Consumers are taking a more proactive approach to managing their health care, which is probably a good thing. But they should always make sure the information they use to make decisions is reliable.
That's the takeaway from a new report that analyzed 55 cancer-related gene tests marketed directly to consumers on the Internet.
Problems with health information on the Internet isn't exactly new. A 2014 University of Florida study highlighted some of the areas where Dr. Internet comes up short. Now, researchers at the Dana-Farber Cancer Institute say they found that websites marketing personalized cancer care services tend to overemphasize the tests' purported benefits and downplay their limitations.
More problematic, they say, many sites promote genetic tests whose value for guiding cancer treatment “has not been shown to be clinically useful.” Their findings appear in the Journal of the National Cancer Institute.
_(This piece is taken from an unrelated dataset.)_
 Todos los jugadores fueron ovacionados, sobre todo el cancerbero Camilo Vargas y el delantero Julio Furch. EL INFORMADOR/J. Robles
Not always balanced information
“We wanted to see if consumers are getting a balanced picture of benefits and limitations of these services,” said Dr. Stacy Gray, first author of the report. “We found a lot of variation. Some of the information is good, but all of it needs to be looked at critically by consumers and health care providers.”
Besides focusing on the positives and glossing over the drawbacks, these tests include some that didn't pass the researchers' smell test.
“Eighty-eight percent of the websites offered one or more 'nonstandard' test that lacked evidence of clear clinical utility in routine oncology practice,” Gray said.
The report found a wide variety of marketing claims, such as reducing medication errors and improving patient care. Some said their “enhanced treatment options” extended life expectancy.
“Our laboratory analyzes your tumor’s response to 8-16 drugs and combinations to identify which treatments will work best to kill your cancer,” one claim boasts.
Gray points out that claims and other information posted on Internet sites are not subject to regulation by agencies such as the Food and Drug Administration (FDA) or the Federal Trade Commission (FTC). Recently, however, the FDA has said it intends to begin regulating genomic testing more broadly.
What does the FTC have to say about these tests? It cites other agencies – in particular the FDA and the Centers for Disease Control and Prevention (CDC) in saying “some of these tests lack scientific validity, and others provide results that are meaningful only in the context of a full medical evaluation.”
Because of the complexities of both the tests and the interpretation of their results, both the FDA and CDC say that genetic tests should be conducted in registered laboratories that are certified to handle specimens. Also, the results may need to be interpreted by a doctor or trained counselor who understands the value of genetic testing for a particular situation.
Some companies claim that genetic tests can measure the risk of developing a particular disease, like heart disease, diabetes, cancer, or Alzheimer’s. But according to the FTC, again citing the FDA and CDC, the risks of developing these diseases come from many sources, not just genetic changes, and that valid studies are necessary to prove these tests give accurate results.
Gray says regulation of these websites may become a reality, but even if it does oncology providers will still need to guide patients as they navigate decisions about personalized cancer medicine.